## References

H.B. Mann and D.R. Whitney, “On a test of whether one of two random variables is stochastically larger than the other”, The Annals of Mathematical Statistics, Vol. 18, pp. 50-60, 1947.

Hollander, M., Wolfe, D.A. and Chicken, E. (2014) Nonparametric Statistical Methods. 3rd Edition, John Wiley & Sons, Inc., New York.

## Assumptions

We obtain $N=m+n$ observations $X_1, \ldots, X_m$ and $Y_1, \ldots, Y_n$.


* The observations $X_1, \ldots, X_m$ are a random sample from population 1; that is, the $X$'s are independent and identically distributed. The observations $Y_1, \ldots, Y_n$ are a random sample from population 2; the $Y$'s are independent and identically distributed.

* The $X$'s and $Y$'s are mutually independent. Thus, in addition to assumptions of independence within each sample, we also assume independence between the two samples.

* Populations 1 and 2 are **continuous populations**.

For a test that handles discrete populations, see the Brunner-Munzel test.

## Hypothesis

### Null Hypothesis

Let $F$ be the distribution function corresponding to population 1 and let $G$ be the distribution function corresponding to population 2. Typicaly, group 1 is the control group and group 2 is the treatment group.
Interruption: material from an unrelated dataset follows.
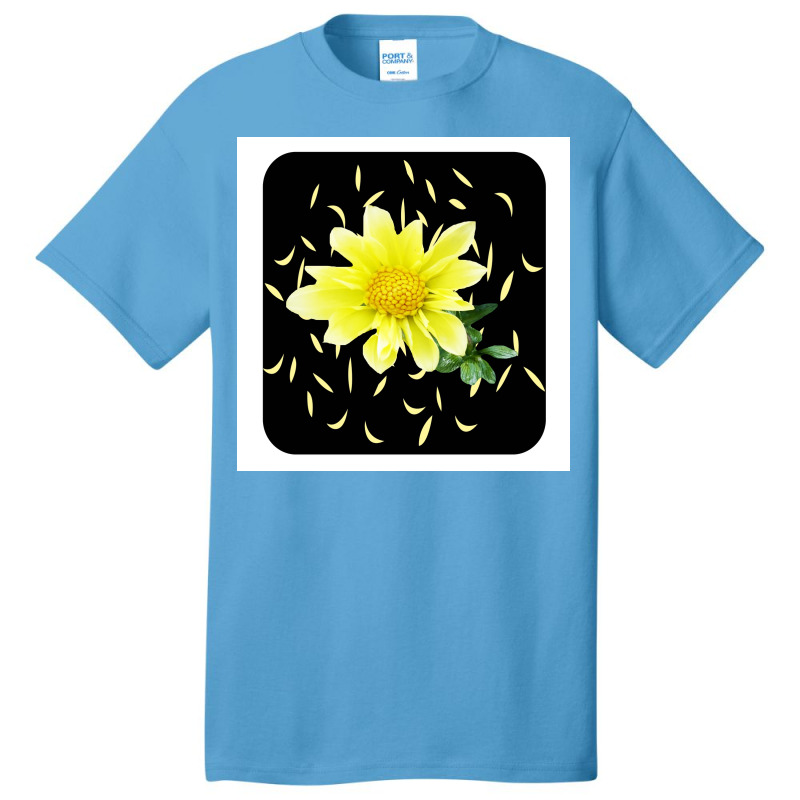 Pocket Yellow Flower  Stars Basic T-shirt | Artistshot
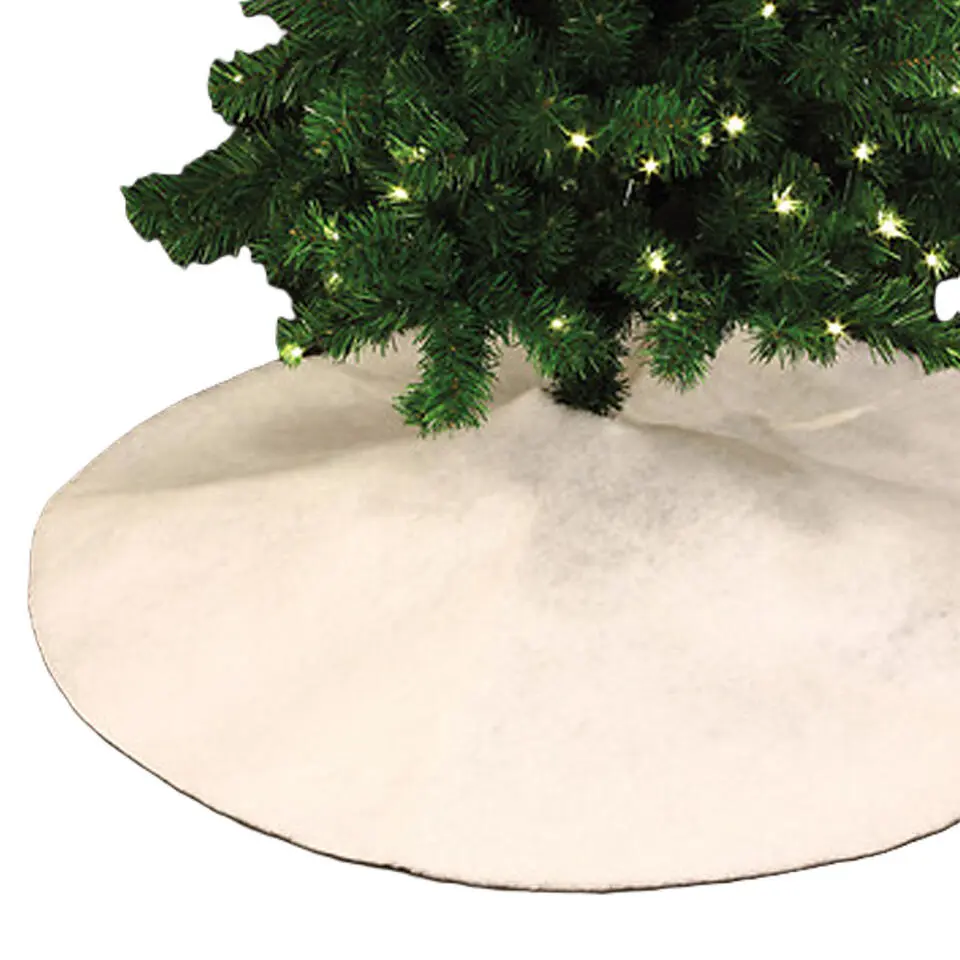 Feeric Christmas Kerstboomrok - wit - 100 cm - vilt - rond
The null hypothesis $H_0$ is that the two populations are identical, that is:

$$
\begin{align*}
H_0: F(t) = G(t) \quad \text{for all } t.
\end{align*}
$$

Note that although the null hypothesis asserts that $X$ and $Y$ have the same CDF, the common CDF is not specified.

### Alternative Hypothesis

The alternative hypothesis in a two-sample location problem typically states that $Y$ is generally larger (or smaller) than $X$. One useful model for this is the **translation model**, also called the **location-shift model**:

$$
G(t) = F(t - \Delta), \quad \text{for all } t
$$

This means population 2 is identical to population 1, but shifted by an amount $\Delta$. Another way to express this is:

$$
Y \stackrel{d}{=} X + \Delta
$$

where $\stackrel{d}{=}$ indicates "has the same distribution as." The parameter $\Delta$ is the **location shift** or **treatment effect**. If $X$ is from population 1 (control) and $Y$ is from population 2 (treatment), then $\Delta$ represents the **expected effect of the treatment**. If the mean $E(X)$ of population 1 exists, and $E(Y)$ is the mean of population 2, then:

$$
\Delta = E(Y) - E(X)
$$

is the difference in population means. Under the location-shift model, the null hypothesis $H_0$ becomes:

$$
H_0: \Delta = 0
$$

which asserts that the population means are equal, implying no treatment effect.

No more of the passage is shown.